New benchmark for luxury holidays
By The Age
It's pronounced "kwahleea" but don't worry if you can't get your tongue around it - just say, "the new resort on Hamilton Island, the one that cost Hamilton's owners, the Oatley family, $A75 million".
Even Sandy Oatley, chairman of Hamilton Island Enterprises, is a tad confused at the resort's launch - which is unusual for an Oatley. They have a habit of being on the mark. Think Rosemount Estate wines, the family company sold to Southcorp in 2001 for $A1.5 billion. Or Wild Oats, whose yacht is in line for the hat-trick at this year's Sydney-to-Hobart.
Qualia means deep senses, Oatley tells us. "No, it doesn't," says a voice from the crowd - most likely another Oatley, as the family likes to work, travel and party in a pack. "It's a collection of sensory experiences." Everyone laughed, especially the chairman, who goes on to explain how Qualia will set new standards for luxury and that it will be uniquely Australian but ever so simple. "Understated" is a word he uses more than once, so is "natural".
Oatley also says the family believes the Whitsundays is crying out for a truly international resort. And, on a personal level, the family wants a place where they are proud to entertain their friends.
Now, having spent a couple of days at the just-opened Qualia, what I want most in this world is to be a friend of the Oatley family.
Qualia signifies a coming-of-age for Australian resorts. No nods to Asia here, no easy references to Bali that scream "tropical resort"; it is Australian to its bootstraps. It is also so simple and understated you wonder where all the millions were spent.
As most guests will come in via the airport even when the resort's helicopter pad and private jetty are built, there's no ignoring the fact that a resort for the privileged few is on an island for everyone. But there's no hanging around mingling with the masses. Qualia guests are whisked away from the airport almost as soon as they are off the plane.
Qualia is only a 10-minute journey from the airport, on the island's northernmost ridge, but once inside the imposing gates the masses are consigned to memory. I can only describe arriving at the Long Pavilion, the resort's hub, as one of life's "a-ha" moments. The sense is that this is exactly how it should be: it is the grandest of entrances but in the most understated, simple and, yes, Australian way.
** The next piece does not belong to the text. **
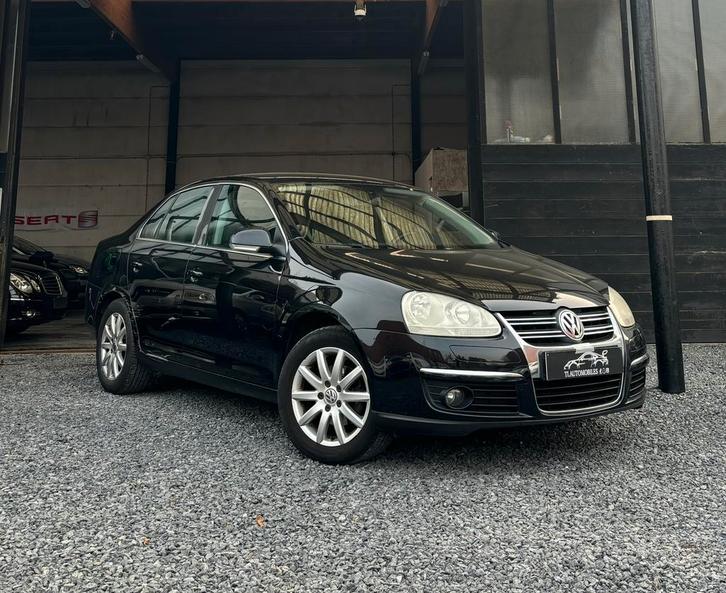 VOLKSWAGEN JETTA 1.6i ESSENCE, Auto's, Volkswagen, Bedrijf, Te koop, Jetta, Benzine, Euro 4, Berline, 5 deurs, Handgeschakeld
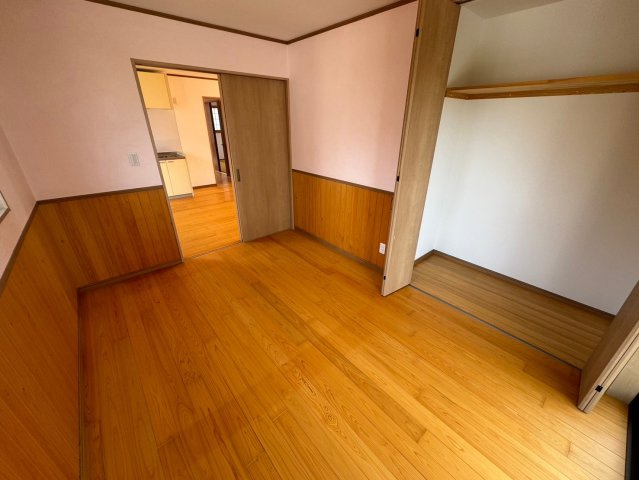 城島町青木島　中古平屋の洋室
All you see is water and island, specifically the peaks of Whitsunday Island, the biggest in the group of 74. Everything else in sight - the furnishings and fittings that are also beautiful, as you come to appreciate later - fades into insignificance next to the natural splendour of the Whitsundays.
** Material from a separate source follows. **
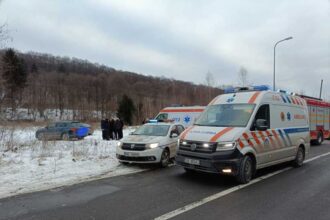 sibiu trei tineri transportati la spital in urma unui accident rutier pe dn7c transfagarasan aproape de cartisoara 69569408176d8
I won't bore you with an endless list of adjectives trying to capture the blue of the Coral Sea; I know my limitations. Look to the pictures. Better still, start saving and see it for yourself or do the Australian thing and whack it on the credit card. (Or, best of all, befriend an Oatley.) You could argue that $1400 a night is a bit steep for a view but no other Whitsunday resort makes such a fuss - in an understated way, of course - of the surroundings.